== EXTRACTED RECORDS ==
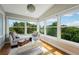 Bright sunroom with ample natural light and seating at 6330 Laguna Dr, Longboat Key, FL 34228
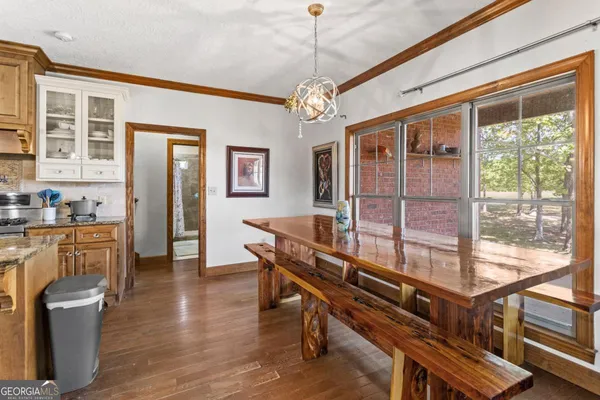 a dining room with furniture a chandelier and wooden floor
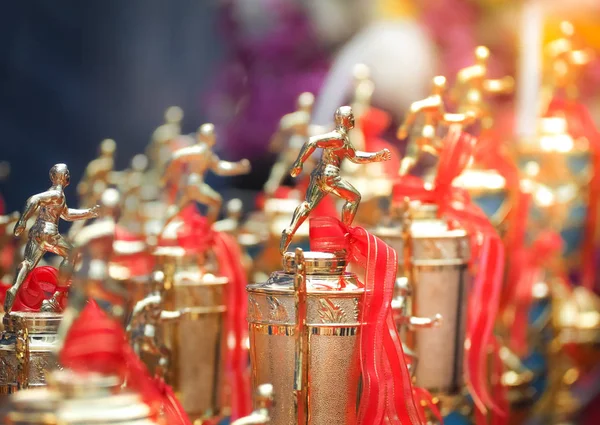 Premios trofeo copa atletas con una cinta roja . — Foto de Stock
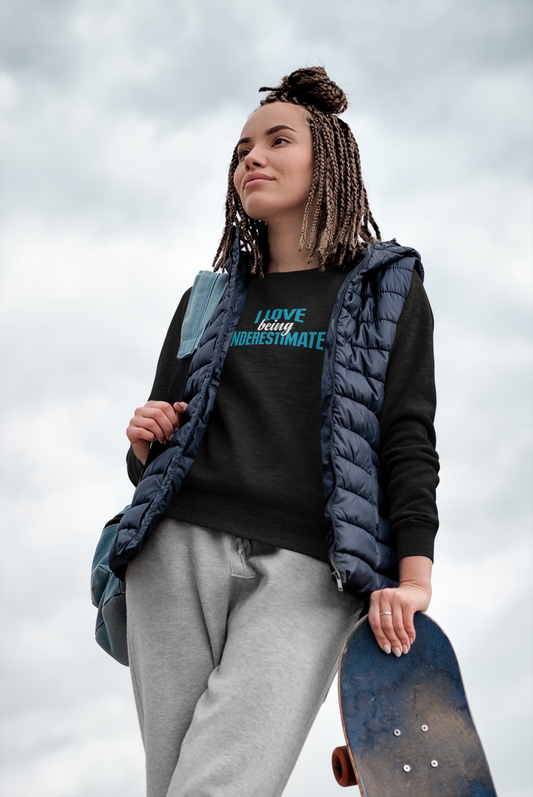 A woman holding a skateboard and wearing the I Love Being Underestimated Sweatshirt by Sharp Tact Kreativ | Tees & Gifts with Encouraging Messages to Brighten Your Day with a Bit of Wit.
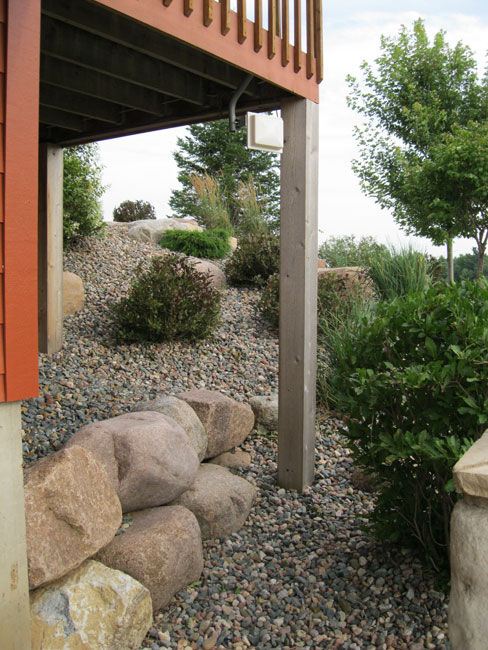Large stones retaining the elevated change below the raised porch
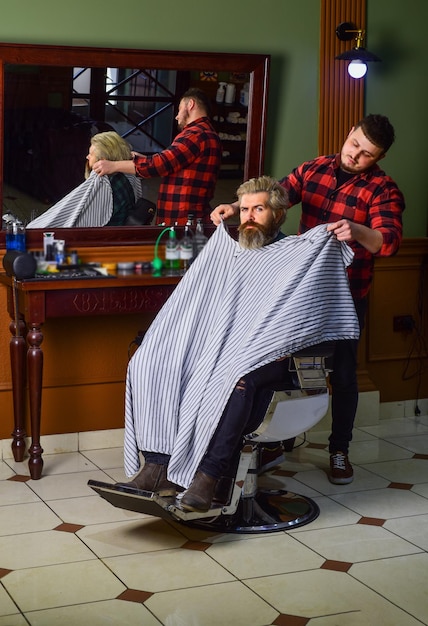 Hipster-Kunde bekommt Haarschnitt Friseur und Friseur widmen sich der Aufgabe, Sie besser aussehende Person zu machen Friseur mit Schere und Kunde Friseur arbeitet an Frisur für bärtigen Mann Barbershop-Hintergrund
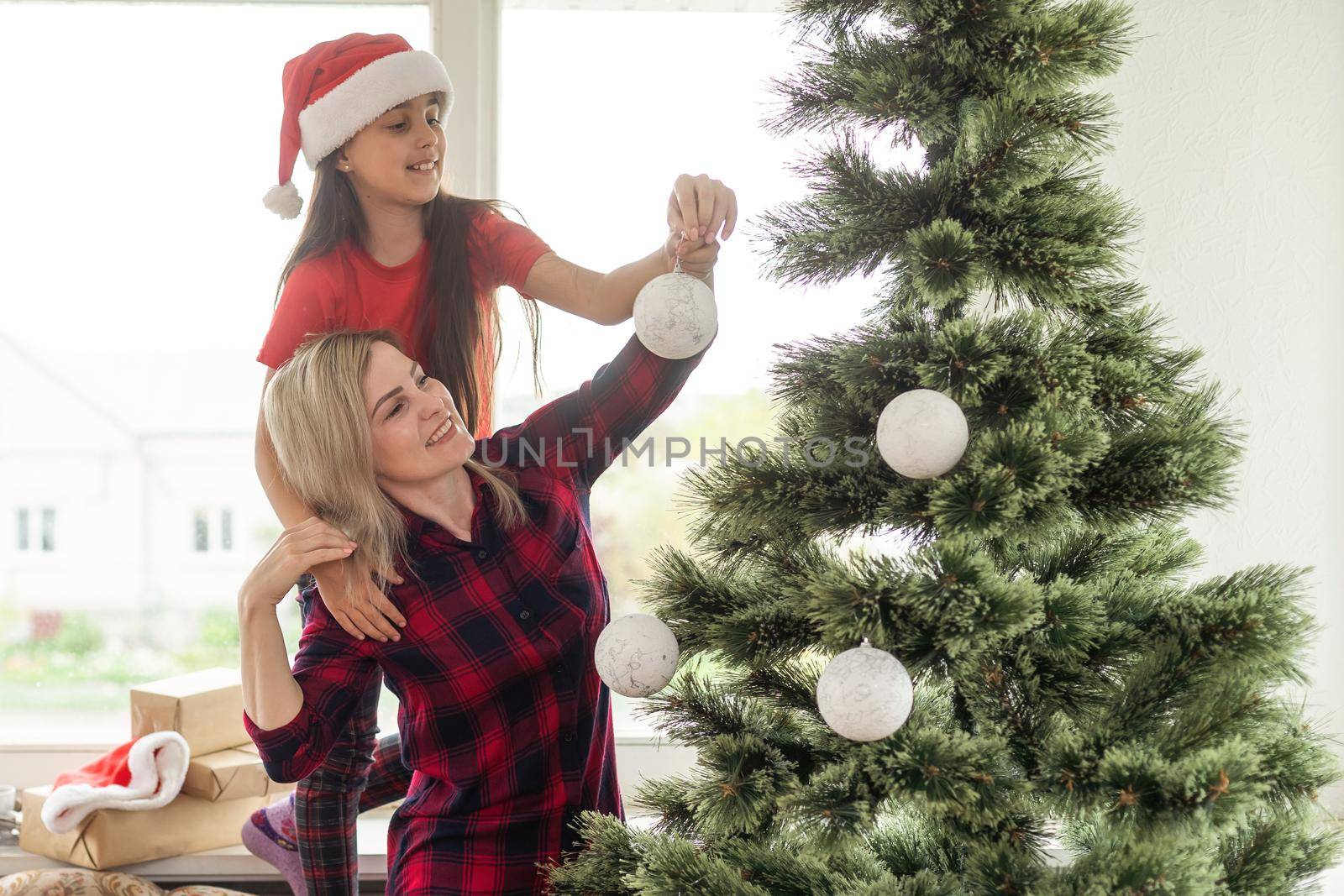 family, winter holidays and people concept - happy mother and little daughter decorating christmas tree at home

== TASK TO CARRY OUT ==
An exact copy of the lines from the one with "Hipster-Kunde bekommt Haarschnitt" through the end of the entries above, both included, is the whole answer. It contains no pictures.

== OUTPUT ==
 Hipster-Kunde bekommt Haarschnitt Friseur und Friseur widmen sich der Aufgabe, Sie besser aussehende Person zu machen Friseur mit Schere und Kunde Friseur arbeitet an Frisur für bärtigen Mann Barbershop-Hintergrund
 family, winter holidays and people concept - happy mother and little daughter decorating christmas tree at home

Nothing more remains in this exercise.